> [WHAT TO WORK ON]
When you write out the records, keep every line exactly as it is.

================================

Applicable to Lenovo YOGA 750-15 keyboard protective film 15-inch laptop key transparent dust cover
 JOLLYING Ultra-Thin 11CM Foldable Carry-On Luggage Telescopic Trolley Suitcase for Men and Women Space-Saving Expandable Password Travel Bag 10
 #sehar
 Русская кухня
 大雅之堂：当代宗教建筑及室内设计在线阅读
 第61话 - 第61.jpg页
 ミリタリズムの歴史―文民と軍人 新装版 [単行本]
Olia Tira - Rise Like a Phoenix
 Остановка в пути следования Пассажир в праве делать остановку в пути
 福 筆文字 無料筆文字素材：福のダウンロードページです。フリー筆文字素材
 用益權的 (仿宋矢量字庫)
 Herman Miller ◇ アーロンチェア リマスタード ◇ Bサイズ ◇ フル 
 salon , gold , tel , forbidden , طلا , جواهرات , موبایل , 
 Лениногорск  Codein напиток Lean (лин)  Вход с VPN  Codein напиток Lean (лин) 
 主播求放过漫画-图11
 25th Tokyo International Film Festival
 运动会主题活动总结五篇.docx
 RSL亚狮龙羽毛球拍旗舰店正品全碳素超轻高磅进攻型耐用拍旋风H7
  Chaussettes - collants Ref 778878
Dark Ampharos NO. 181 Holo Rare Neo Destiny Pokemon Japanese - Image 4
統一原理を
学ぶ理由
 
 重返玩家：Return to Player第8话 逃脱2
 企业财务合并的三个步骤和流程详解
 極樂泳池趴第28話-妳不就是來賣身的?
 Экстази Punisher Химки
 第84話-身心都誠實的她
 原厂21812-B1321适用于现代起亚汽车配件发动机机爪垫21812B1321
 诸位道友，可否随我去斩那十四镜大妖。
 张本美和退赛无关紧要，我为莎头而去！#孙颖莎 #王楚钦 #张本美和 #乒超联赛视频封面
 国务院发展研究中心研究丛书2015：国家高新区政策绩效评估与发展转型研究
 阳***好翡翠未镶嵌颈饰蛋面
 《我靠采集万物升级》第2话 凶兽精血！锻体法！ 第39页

================================

> [RESPONSE FOR THIS EXERCISE]
Applicable to Lenovo YOGA 750-15 keyboard protective film 15-inch laptop key transparent dust cover
 JOLLYING Ultra-Thin 11CM Foldable Carry-On Luggage Telescopic Trolley Suitcase for Men and Women Space-Saving Expandable Password Travel Bag 10
 #sehar
 Русская кухня
 大雅之堂：当代宗教建筑及室内设计在线阅读
 第61话 - 第61.jpg页
 ミリタリズムの歴史―文民と軍人 新装版 [単行本]
Olia Tira - Rise Like a Phoenix
 Остановка в пути следования Пассажир в праве делать остановку в пути
 福 筆文字 無料筆文字素材：福のダウンロードページです。フリー筆文字素材
 用益權的 (仿宋矢量字庫)
 Herman Miller ◇ アーロンチェア リマスタード ◇ Bサイズ ◇ フル 
 salon , gold , tel , forbidden , طلا , جواهرات , موبایل , 
 Лениногорск  Codein напиток Lean (лин)  Вход с VPN  Codein напиток Lean (лин) 
 主播求放过漫画-图11
 25th Tokyo International Film Festival
 运动会主题活动总结五篇.docx
 RSL亚狮龙羽毛球拍旗舰店正品全碳素超轻高磅进攻型耐用拍旋风H7
  Chaussettes - collants Ref 778878
Dark Ampharos NO. 181 Holo Rare Neo Destiny Pokemon Japanese - Image 4
統一原理を
学ぶ理由
 
 重返玩家：Return to Player第8话 逃脱2
 企业财务合并的三个步骤和流程详解
 極樂泳池趴第28話-妳不就是來賣身的?
 Экстази Punisher Химки
 第84話-身心都誠實的她
 原厂21812-B1321适用于现代起亚汽车配件发动机机爪垫21812B1321
 诸位道友，可否随我去斩那十四镜大妖。
 张本美和退赛无关紧要，我为莎头而去！#孙颖莎 #王楚钦 #张本美和 #乒超联赛视频封面
 国务院发展研究中心研究丛书2015：国家高新区政策绩效评估与发展转型研究
 阳***好翡翠未镶嵌颈饰蛋面
 《我靠采集万物升级》第2话 凶兽精血！锻体法！ 第39页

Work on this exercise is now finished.